### MATERIAL PROVIDED:
*** Block opens ***
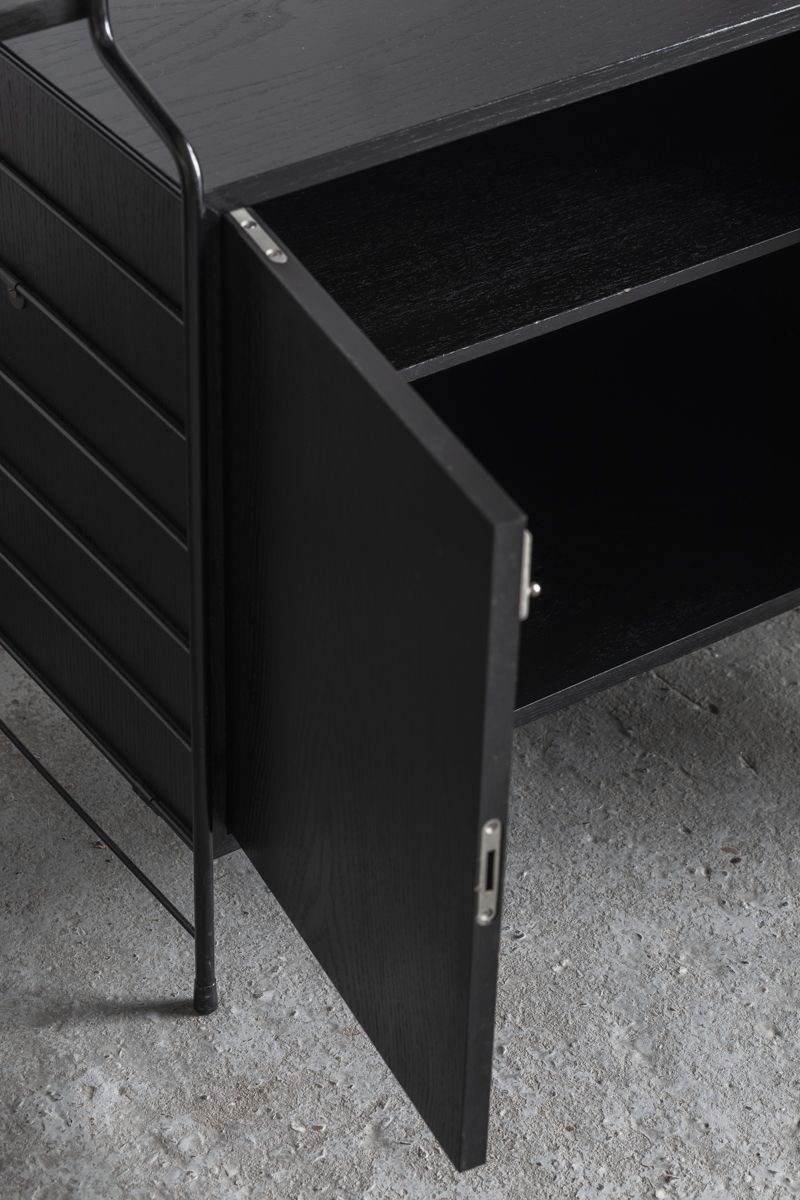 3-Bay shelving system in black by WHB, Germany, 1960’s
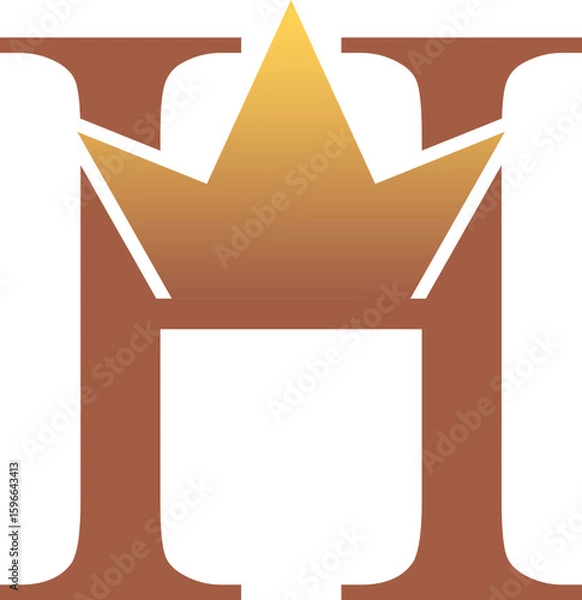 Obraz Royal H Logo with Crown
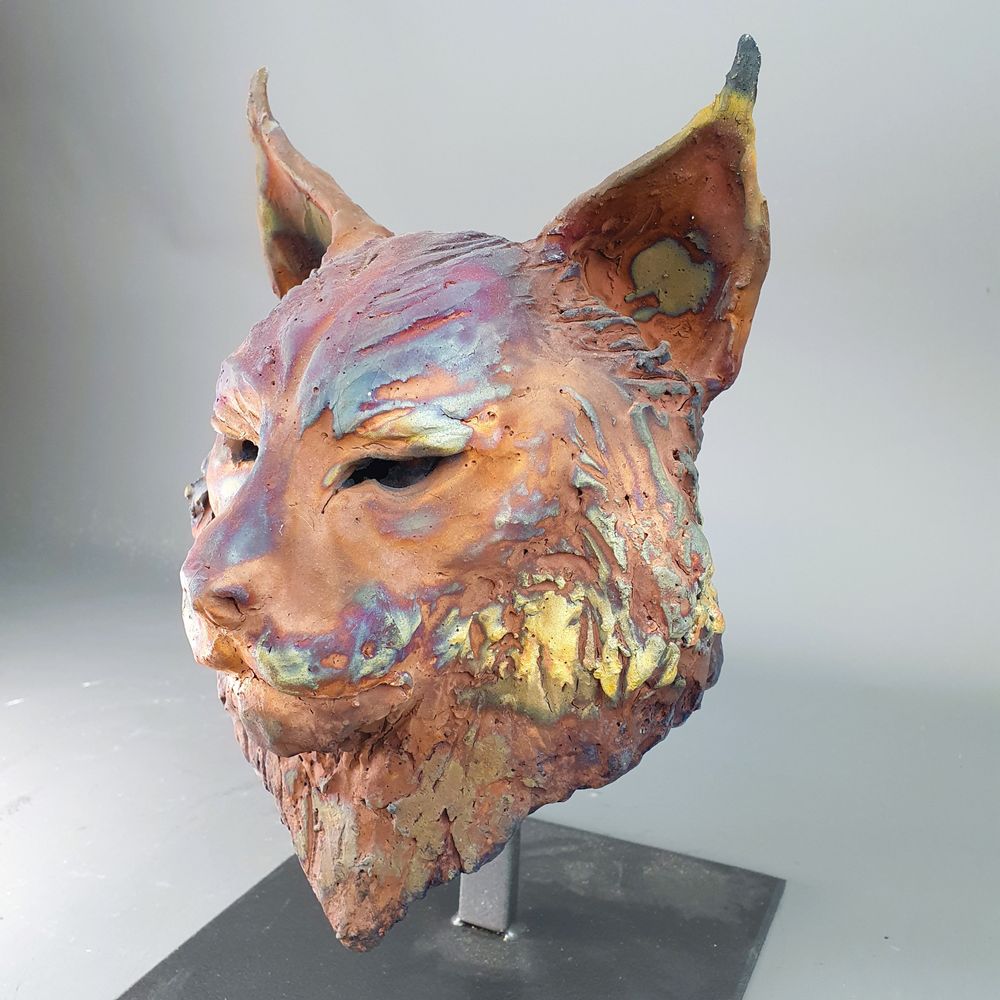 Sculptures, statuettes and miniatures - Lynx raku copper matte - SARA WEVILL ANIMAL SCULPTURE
*** Block closes ***
### DESCRIPTION OF THE TASK:
Repeat the listing word for word, and skip every picture it contains.

### YOUR RESPONSE:
 3-Bay shelving system in black by WHB, Germany, 1960’s
 Obraz Royal H Logo with Crown
 Sculptures, statuettes and miniatures - Lynx raku copper matte - SARA WEVILL ANIMAL SCULPTURE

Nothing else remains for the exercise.